What to produce: The whole listing should come back exactly as written, except for the pictures.

+---+

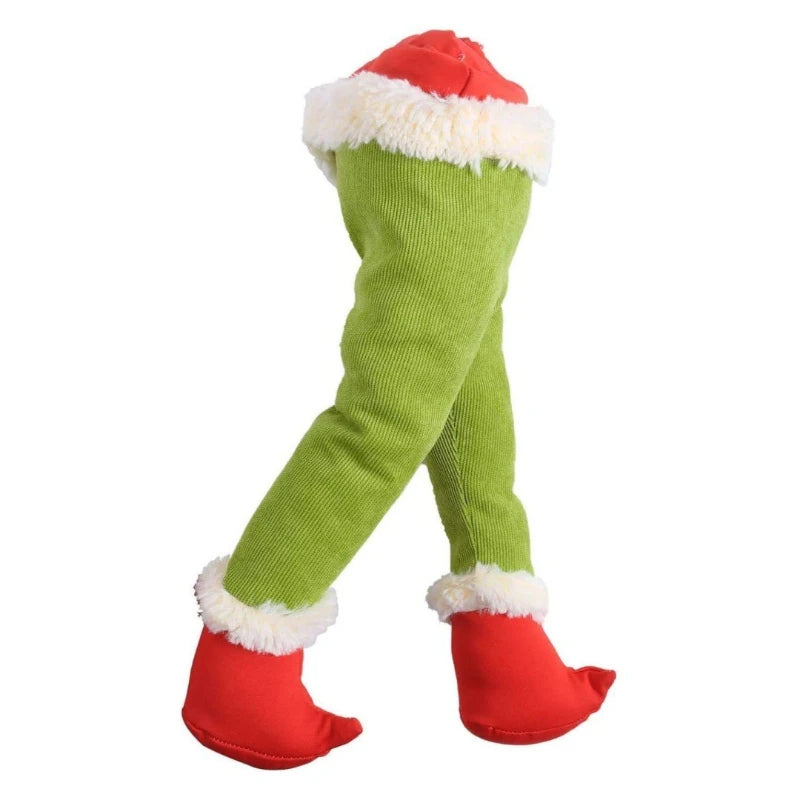 Christmas Elf Leg Plush Toy Xmas Tree Decoration Props Santa Claus Green Artificial Leg Children's Toy Christmas Home Decor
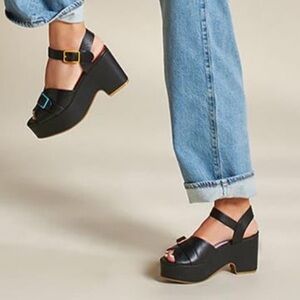Charlotte Stone Rav Black Platform Sandals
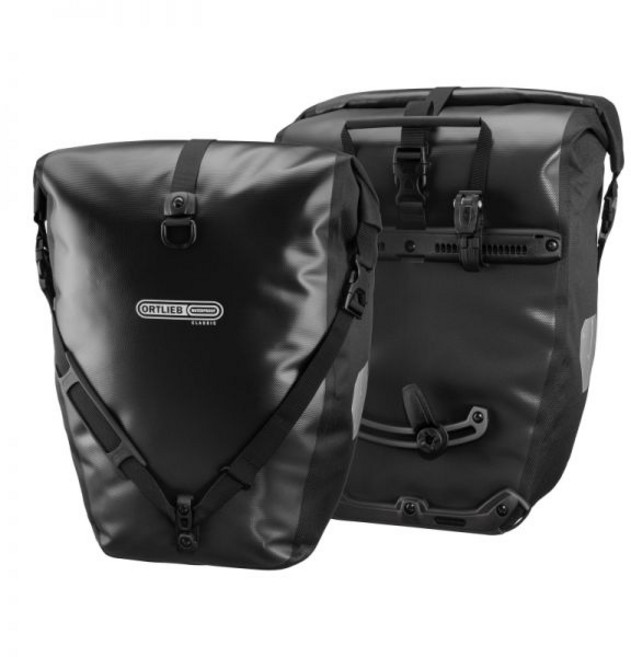 오르트립 Ortlieb 클래식 백롤러 바이크 사이드 패니어스 QL2.1 40L 페어 블랙 가방 자전거 169743, 1개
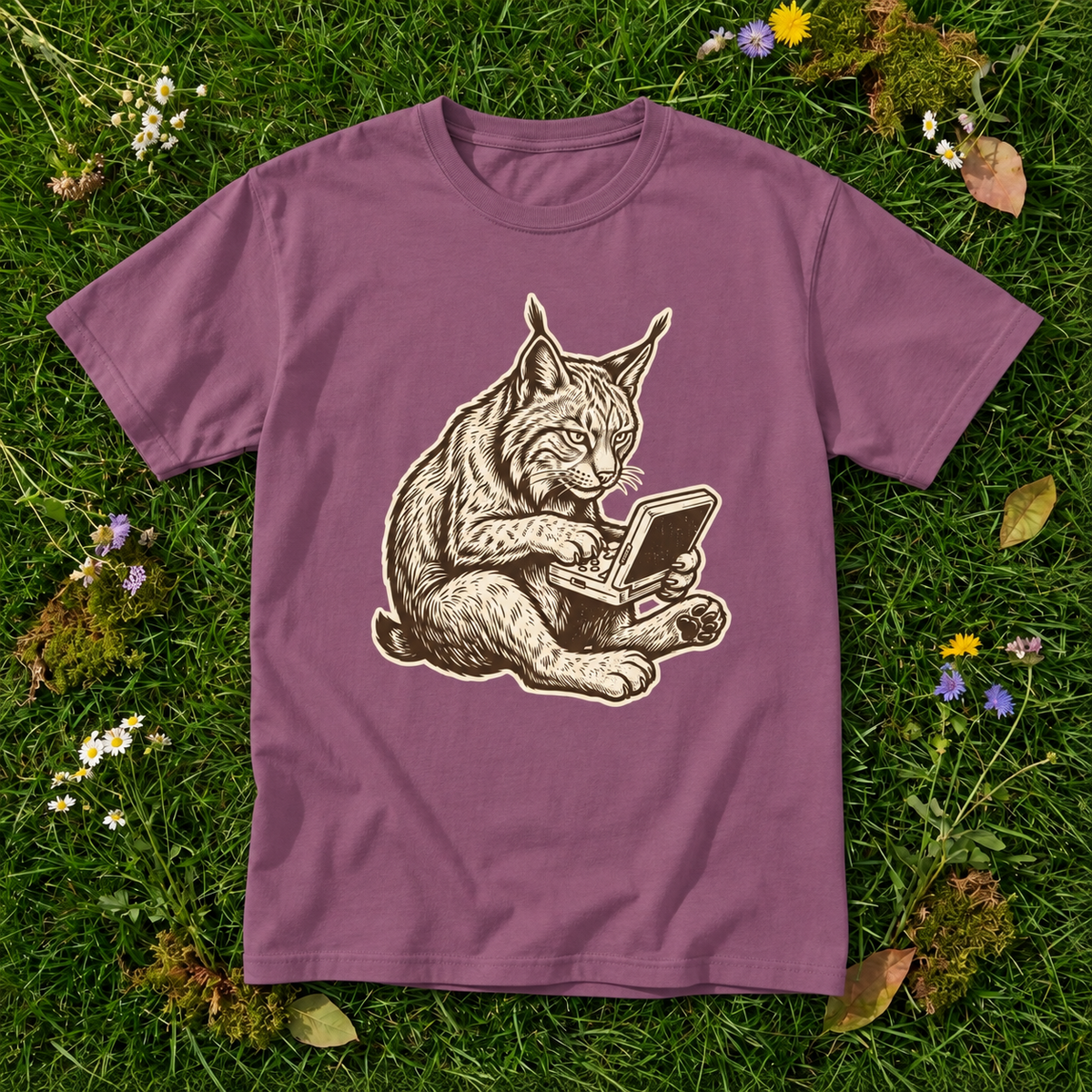 Retro Gamer Lynx Graphic T-Shirt | Funny Wild Cat Gaming Tee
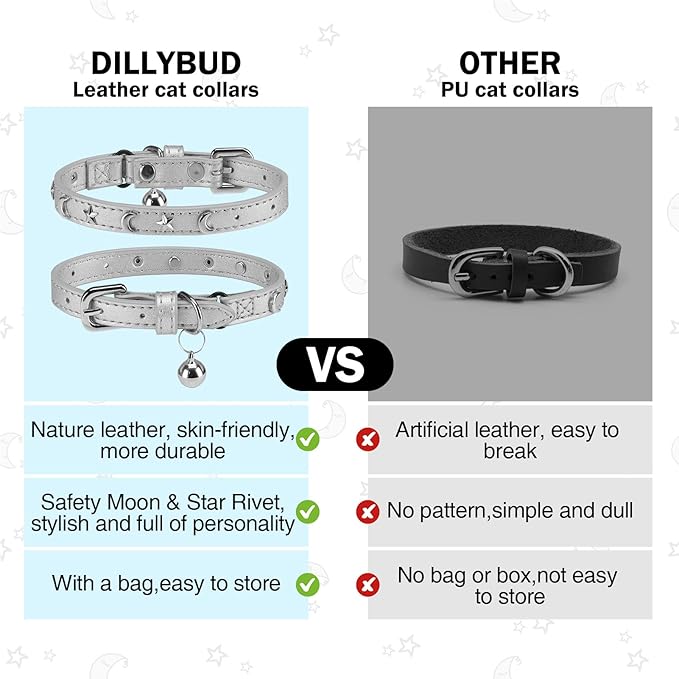 Leather Cat Collars for Boy Girl Cats with Bell and Safety Elastic Belt, Personalized Star and Moon Stud Adjustable Safe Buckle Collar for Kitty Small Big Cats Size 7-9 Inch, Silver Grey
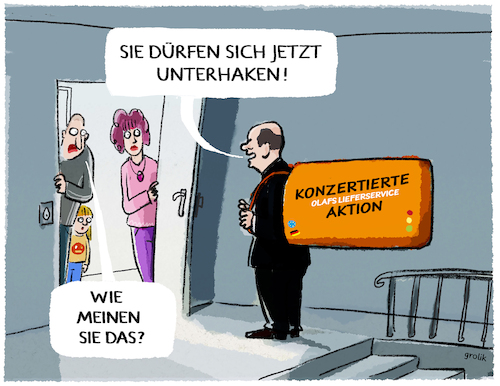 Cartoon: Gemeinsam unterhaken... (medium) by markus-grolik tagged konzertierte,aktion,scholz,inflation,lohn,preis,spirale,deutschland,familien,lebensmittel,energie,mehrwertsteuer,gewerkschaften,bundesregierung,ampel,konzertierte,aktion,scholz,inflation,lohn,preis,spirale,deutschland,familien,lebensmittel,energie,mehrwertsteuer,gewerkschaften,bundesregierung,ampel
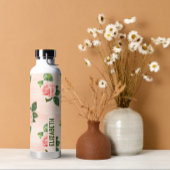 Moderner eleganter Personalisierter Name Rosa Rose Trinkflasche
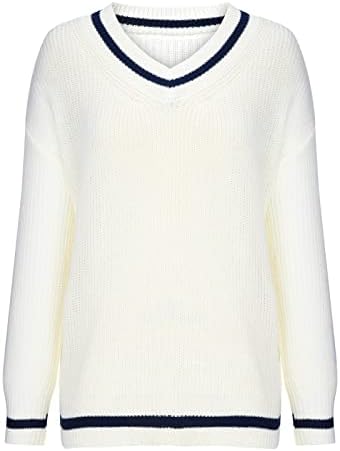 Ženski džemperi za zaštitu klasični rebrasni pleteni skakač pulover preveliki V-izrez dugih rukava pletiva bluza bluza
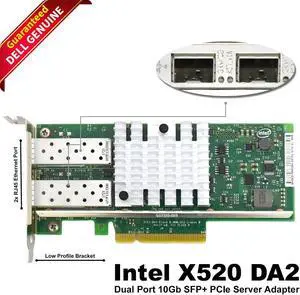 Dell X520-DA2 10Gb Dual Port SFP+ Network Adapter Low Profile 942V6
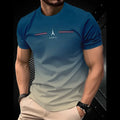 T-shirt homme d'été dégradé 3D simple avec impression Paris, vêtement décontracté, coupe oversize, col rond, manches courtes, pour le sport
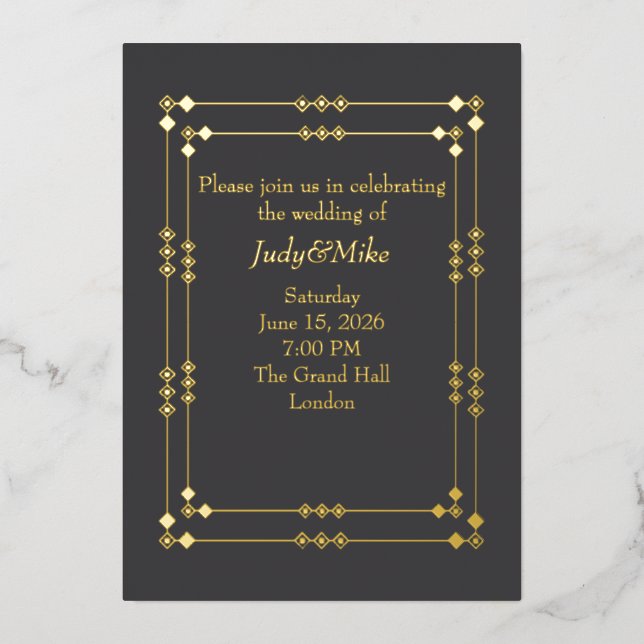 Invitación Con Relieve Metalizado Elegant Dark Grey& Gold Art Deco Foil Invitation (Anverso)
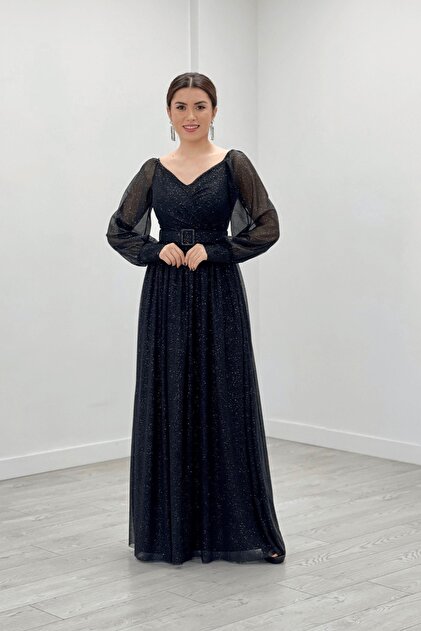 slim fit dress slacks Black Glitter Tulle : Bridal Fabrics main image 1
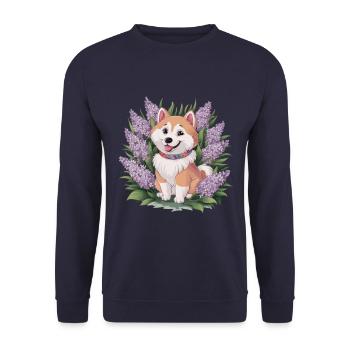 Spitz Samoyède doux avec un beau lilas - Sweat-shirt Unisexe - marine - Devant - Alina (178cm) & Michal (187cm)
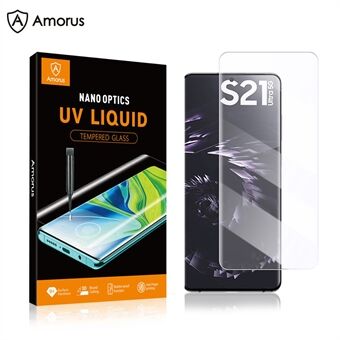 AMORUS Ultra Clear Full täckning 3D Böjd Skärm Design UV Flytande Härdat Glas Skärmskydd Hellim för Samsung Galaxy S21 Ultra 5G
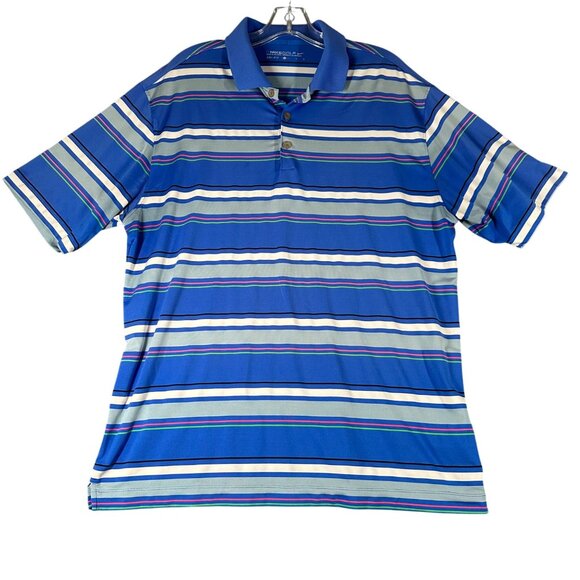 Nike Golf Mens L Dri-Fit Blue Striped Pullover Polo Shirt Short Sleeve 417500 - Picture 1 of 9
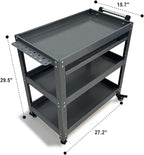 Metal 3 Tier Rolling Tool Cart with Drawer, Steel Utility Cart on Wheels, for Warehouse Garage Workshop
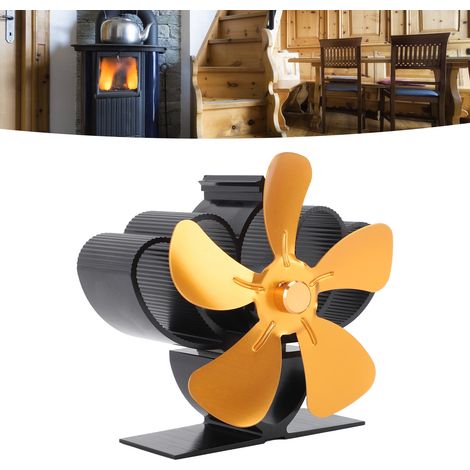 Ventilateur de cheminée, ventilateur thermique, poêle à pétrole, poêle à bois, ventilateur thermique auto-générateur, doré (1/5)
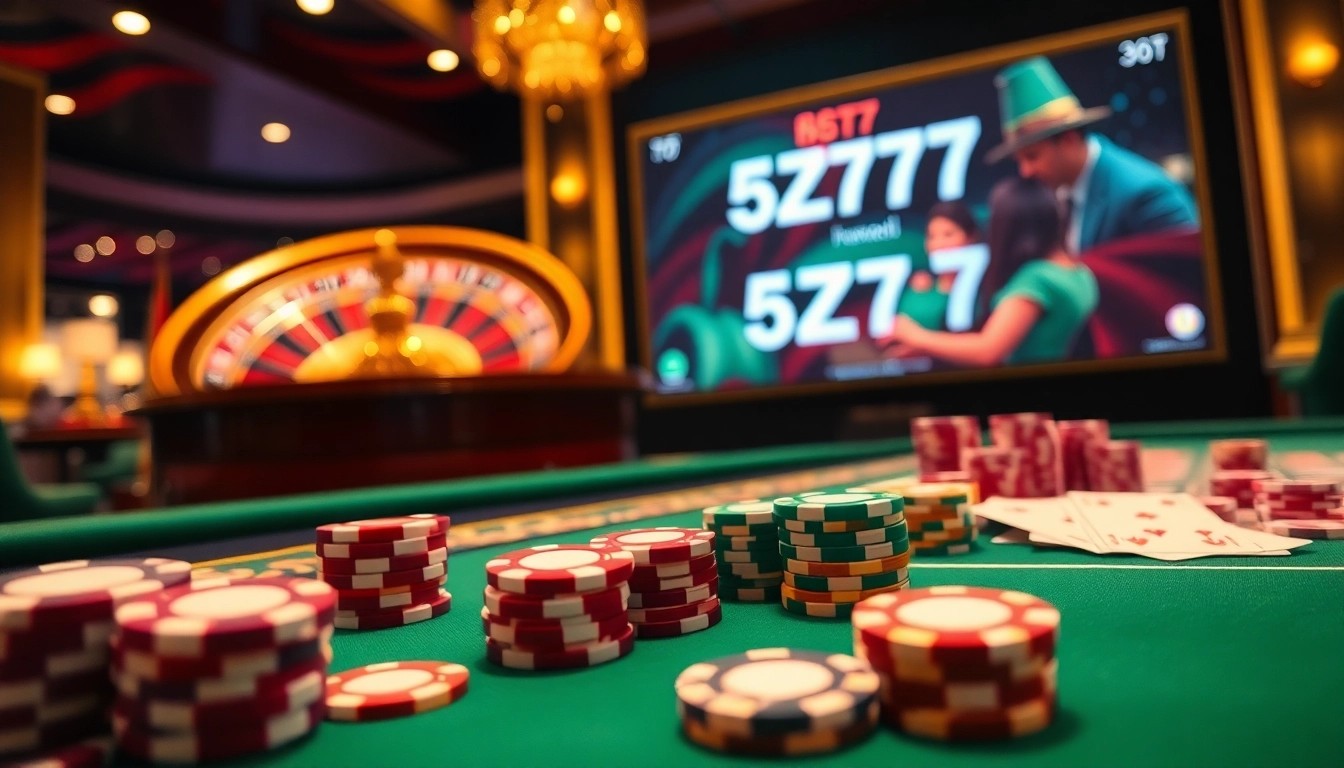 Experience the excitement of 5Z777 at a luxurious casino gaming table with poker chips and cards.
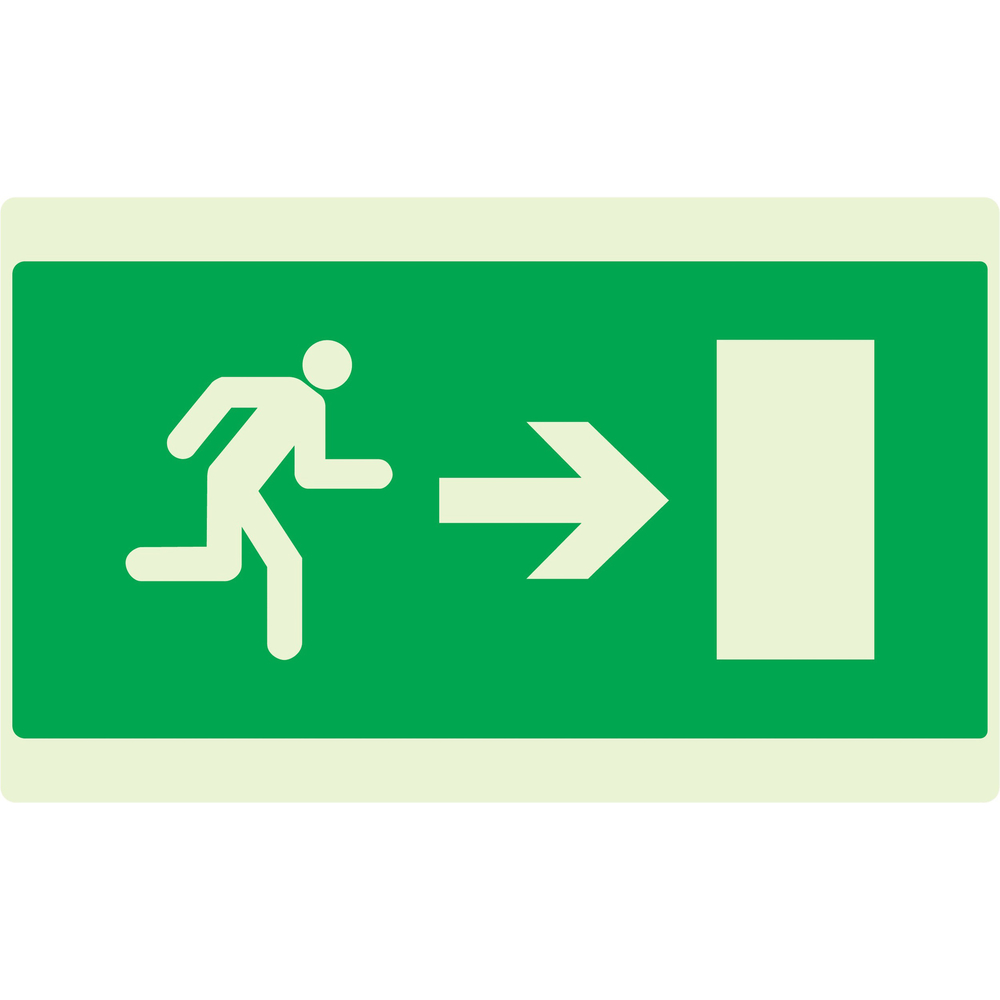 PANNEAU EVACUATION VERS SORTIE DROITE LUMINESCENT 330X200MM TALIAPLAST - 631425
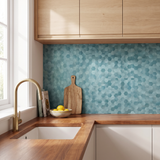 Hexagon Mosaik Blau Küche Backsplash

+---+

Problem solution:
 Christmas Elf Leg Plush Toy Xmas Tree Decoration Props Santa Claus Green Artificial Leg Children's Toy Christmas Home Decor
Charlotte Stone Rav Black Platform Sandals
 오르트립 Ortlieb 클래식 백롤러 바이크 사이드 패니어스 QL2.1 40L 페어 블랙 가방 자전거 169743, 1개
 Retro Gamer Lynx Graphic T-Shirt | Funny Wild Cat Gaming Tee
 Leather Cat Collars for Boy Girl Cats with Bell and Safety Elastic Belt, Personalized Star and Moon Stud Adjustable Safe Buckle Collar for Kitty Small Big Cats Size 7-9 Inch, Silver Grey
 Cartoon: Gemeinsam unterhaken... (medium) by markus-grolik tagged konzertierte,aktion,scholz,inflation,lohn,preis,spirale,deutschland,familien,lebensmittel,energie,mehrwertsteuer,gewerkschaften,bundesregierung,ampel,konzertierte,aktion,scholz,inflation,lohn,preis,spirale,deutschland,familien,lebensmittel,energie,mehrwertsteuer,gewerkschaften,bundesregierung,ampel
 Moderner eleganter Personalisierter Name Rosa Rose Trinkflasche
 Ženski džemperi za zaštitu klasični rebrasni pleteni skakač pulover preveliki V-izrez dugih rukava pletiva bluza bluza
 Dell X520-DA2 10Gb Dual Port SFP+ Network Adapter Low Profile 942V6
 T-shirt homme d'été dégradé 3D simple avec impression Paris, vêtement décontracté, coupe oversize, col rond, manches courtes, pour le sport
 Invitación Con Relieve Metalizado Elegant Dark Grey& Gold Art Deco Foil Invitation (Anverso)
 slim fit dress slacks Black Glitter Tulle : Bridal Fabrics main image 1
 Spitz Samoyède doux avec un beau lilas - Sweat-shirt Unisexe - marine - Devant - Alina (178cm) & Michal (187cm)
 AMORUS Ultra Clear Full täckning 3D Böjd Skärm Design UV Flytande Härdat Glas Skärmskydd Hellim för Samsung Galaxy S21 Ultra 5G
 Nike Golf Mens L Dri-Fit Blue Striped Pullover Polo Shirt Short Sleeve 417500 - Picture 1 of 9
 Metal 3 Tier Rolling Tool Cart with Drawer, Steel Utility Cart on Wheels, for Warehouse Garage Workshop
 Ventilateur de cheminée, ventilateur thermique, poêle à pétrole, poêle à bois, ventilateur thermique auto-générateur, doré (1/5)
 Experience the excitement of 5Z777 at a luxurious casino gaming table with poker chips and cards.
 PANNEAU EVACUATION VERS SORTIE DROITE LUMINESCENT 330X200MM TALIAPLAST - 631425
 Hexagon Mosaik Blau Küche Backsplash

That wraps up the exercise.